I may want to build a little car like this to use as a tender to hide some electronics. I don't know what you call the things that hold the wheels? Are they available for scratch building? Any alternatives to link that would work better for a small car?
http://shourtline.swl4.com/HLW-15010_M&T_Gondola-Car-Kit_New.html

Thx.
Marty


----------



## Gary Armitstead (Jan 2, 2008)

Marty,

These are called Pedestal Journal Boxes and Ozark Miniatures has them.
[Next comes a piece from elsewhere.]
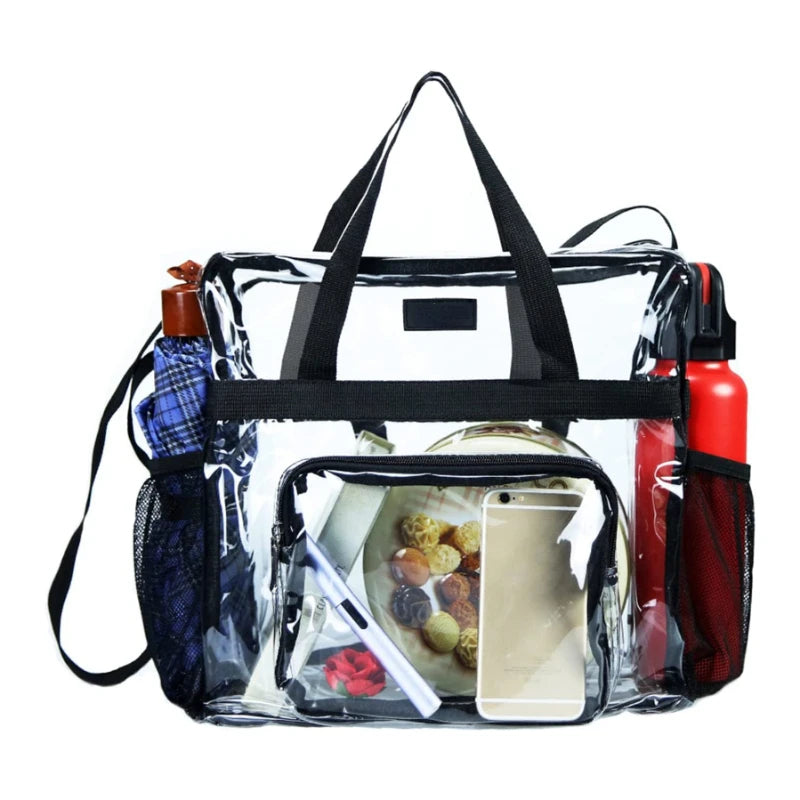 Factory Wholesale PVC Tote Shopping Bags Fashion Waterproof Transparent Holographic Laser Shoulder Bag Iridescent Clear Hologram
http://www.ozarkminiatures.com/scripts/prodView.asp?idproduct=308

http://www.ozarkminiatures.com/scripts/prodView.asp?idproduct=310

I used this last set to make a new lead truck for my Connie.


----------



## Ironton (Jan 2, 2008)

Phil of Phil's narrow gauge: http://www.philsnarrowgauge.com/default.html also carries the journals. His are ball bearing if I remember correctly. I bought a pair for a similar project.


----------



## Dave Meashey (Jan 2, 2008)

Here is a caboose I built using the Ozark pedestal journals. Used an old SkanKit wayside tool shed for the body.










Regards,
David Meashey


----------